Exposé présenté par Michel AMELLER à l'occasion d'une rencontre organisée à Istanbul en mai 1998 par l'OCDE


Un des grands penseurs français du « siècle des Lumières », Montesquieu, écrivait au début du 18ème siècle que le législateur « devait écrire d'une main tremblante ». Il entendait par là que la production des normes censées régir les relations sociales devait être le fruit d'une longue méditation.

La « main tremblante » doit s'imposer a fortiori au juge constitutionnel, doté du pouvoir, plus considérable encore, d'invalider sans appel l'oeuvre des représentants du peuple.

D'où l'importance des questions d'interprétation constitutionnelle.

Au delà de leurs aspects techniques, ne conditionnent-elles pas étroitement le pouvoir que nous nous reconnaissons sur la loi ?

Ne sont-elles pas les instruments dont nous nous sommes dotés pour encadrer notre propre capacité à créer de nouvelles normes constitutionnelles à partir des normes existantes ?

N'ont-elles pas vocation à rendre plus lisible, plus prévisible, plus conforme à la recherche de la sécurité juridique, plus légitime en somme, notre mode d'intervention ?

En un mot : ne sont-elles pas notre meilleur garde-fou contre un constructivisme arbitraire ? Notre meilleure protection contre le soupçon perpétuel qui pèse dans tous nos pays sur l'action des cours constitutionnelles : le gouvernement des juges ?

Cet usage des règles d'interprétation comme techniques d'autolimitation et de justification du juge constitutionnel me paraît essentiel car, nous le savons bien, nos constitutions ne comportent pas toujours des énoncés clairs et précis.

C'est sans doute le cas dans leur partie consacrée à l'organisation des pouvoirs publics -et encore.

Mais il n'en va plus de même dans leur partie consacrée aux droits fondamentaux, dont l'énoncé se réfère le plus souvent à des catégories polysémiques et abstraites, dont le contenu s'est, au surplus, modifié au cours du temps.

Ainsi, en France, le Préambule de notre actuelle Constitution, qui renvoie au préambule de la Constitution de 1946, proclame le « droit de chacun à obtenir un emploi ». S'agit-il d'un simple objectif ? D'une obligation de résultat ? Si le droit à l'emploi constitue une créance de l'individu sur la collectivité, quelle est la valeur de cette créance dans une situation économique donnée, par exemple dans une conjoncture déprimée ? Quelle est, en somme, la portée normative de ce droit ?

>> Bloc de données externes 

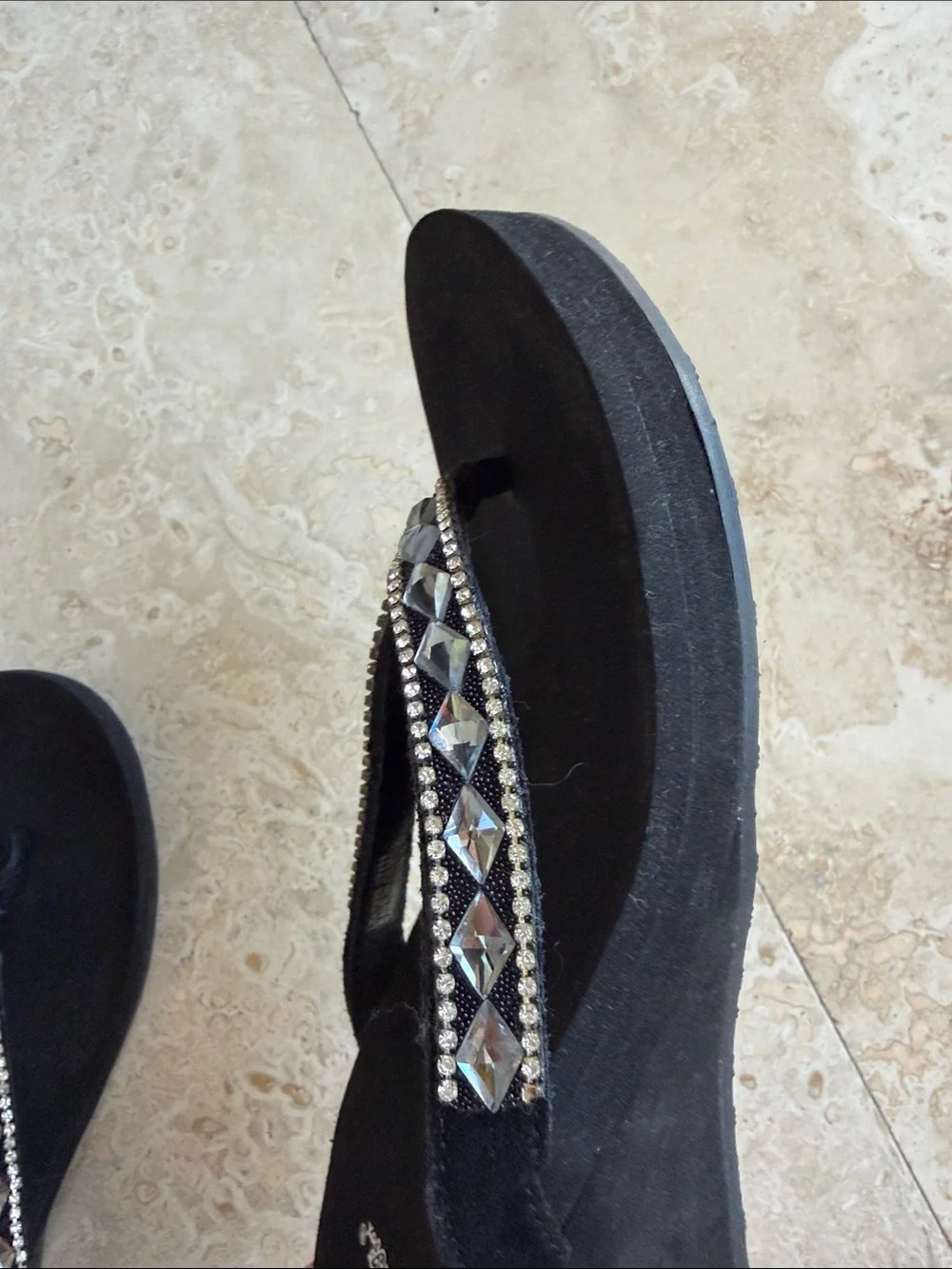 Yellow Box Black Jeweled Thong Sandals - Picture 6 of 6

Une technique d'interprétation classique, pour répondre à ce type de question, consiste à rechercher la valeur normative que les auteurs de la Constitution ont entendu attacher à un énoncé constitutionnel. Dans l'exemple choisi, il s'agit de l'assemblée constituante de 1946. Or celle-ci avait d'autant moins l'idée de conférer au « droit à l'emploi » une valeur prescriptive précise que le catalogue des droits contenu dans le préambule de la Constitution de 1946 se trouvait explicitement soustrait au contrôle de constitutionnalité par un article de la Constitution. Autrement dit, l'intention du constituant n'a pas été de conférer au droit à l'emploi une pleine force normative.

Mais on sait que beaucoup de spécialistes du droit constitutionnel sont très réservés sur le recours à l'intention des auteurs de la norme constitutionnelle comme technique d'interprétation. Ils ont de bonnes raisons à cela : le texte constitutionnel, dès lors qu'il est ratifié par référendum, échappe à ses auteurs et ne saurait plus être décrypté à l'aune des travaux préparatoires ; la norme constitutionnelle doit vivre, être constamment actualisée etc...

Cette vision de la norme constitutionnelle comme une norme vivante conduirait, dans notre exemple du droit à l'emploi, à poser que la législation ne peut que rendre plus effectif ce droit. La législation devrait être toujours plus protectrice. Un tel « effet cliquet » élèverait bien sûr considérablement la portée normative du droit à l'emploi. Chaque avancée législative étant en quelque sorte constitutionnalisée, la sauvegarde de ce droit deviendrait une exigence constitutionnelle toujours plus prégnante et plus précise.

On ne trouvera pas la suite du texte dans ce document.